Of course, for miracles the historical method rules them out to start with (so, for example, historians view miraculous claims in historical documents like the gospels or
The Life of Appolonius of Tyana as either fictitious or evidence that people exaggerated or otherwise distorted/misunderstood an historical event).
Or at least it shouldn't be, and in general to the extent scientists do this there is enough competition and honesty for progress despite such failings.
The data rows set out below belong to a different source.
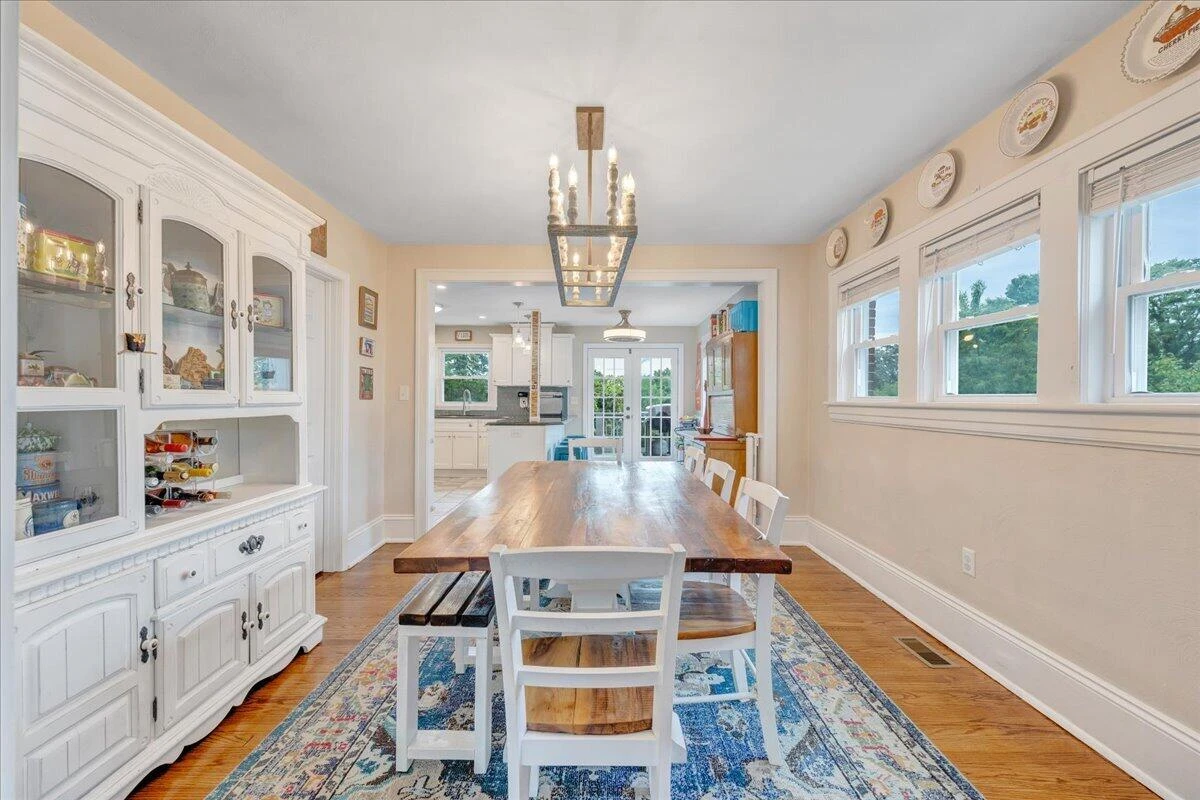 2525 Oregon AVE - Photo 13
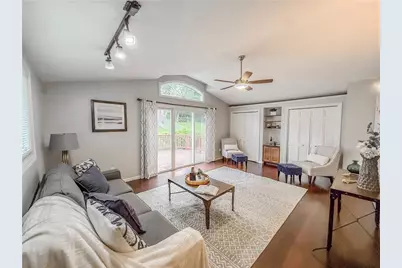 951 Logan Rd, Bethel Park, PA 15102 - Photo 15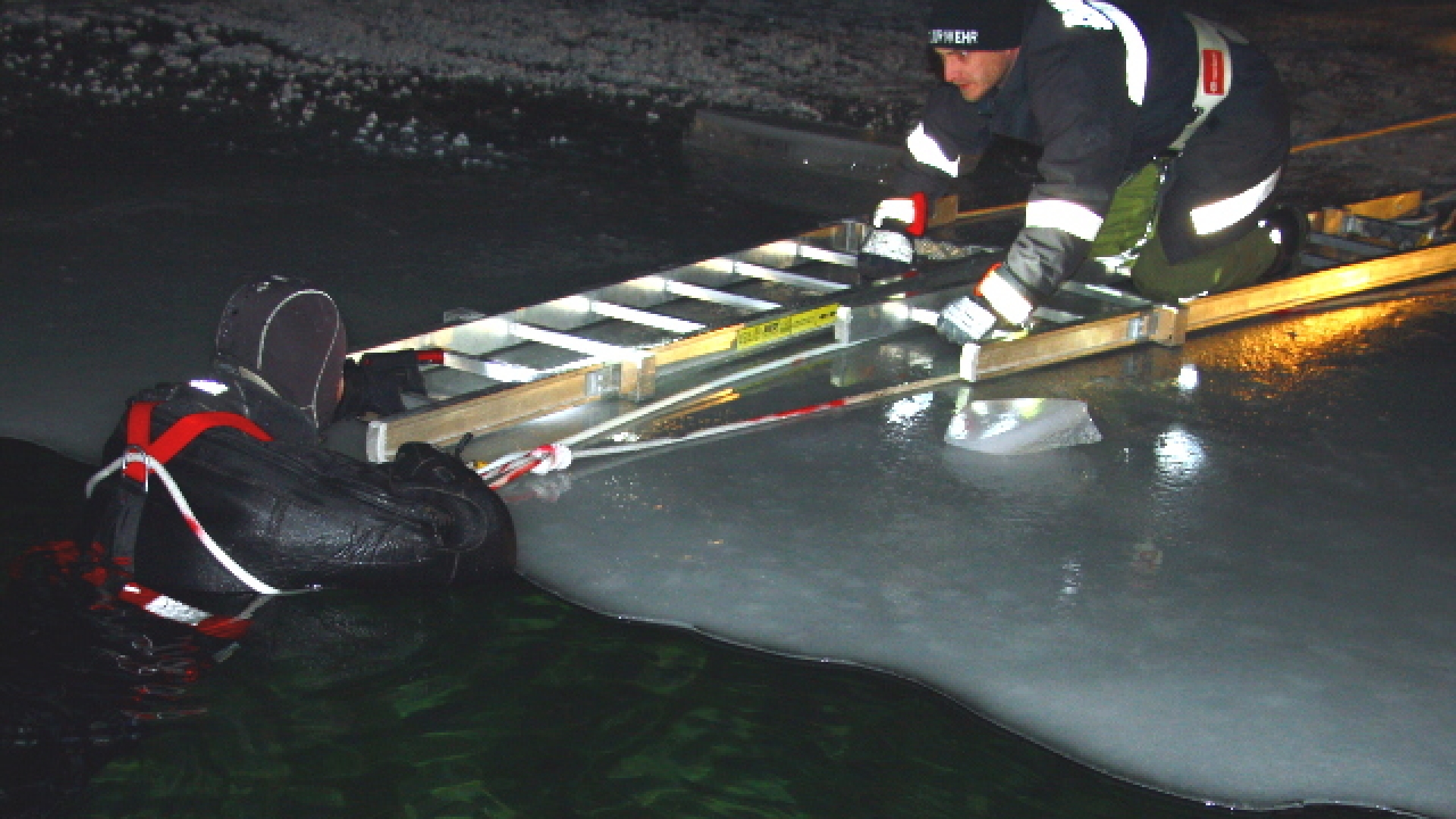 Person in Eis eingebrochen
It doesn't work anything like this. Hypotheses are generated from theories to extend theories and tested (with conclusions interpreted in light of) findings. These are then reviewed and published (usually only if the results are positive, unfortunately, as failed experiments should be published but aren't because we too often 1) know that nobody's career is furthered by publishing failures and 2) we still hope that things didn't work because we need to tweak the experimental design). Most of the time, they are never replicated and often even replication isn't actually replication but another test of the same idea under different conditions. Finally, we never ask "please test this" and lately problems with sharing data in order to facilitate replication ha become an issue, particularly in politically charged fields like climate science.
This is also not true of much work in physics, where it is impossible to actually "test" theories the way we normally think of it as most discoveries are derived mathematically and nobody is certain of the relationship between the mathematical systems and a reality "out there". In other words, it's often hard to say what, exactly, is confirmed/verified.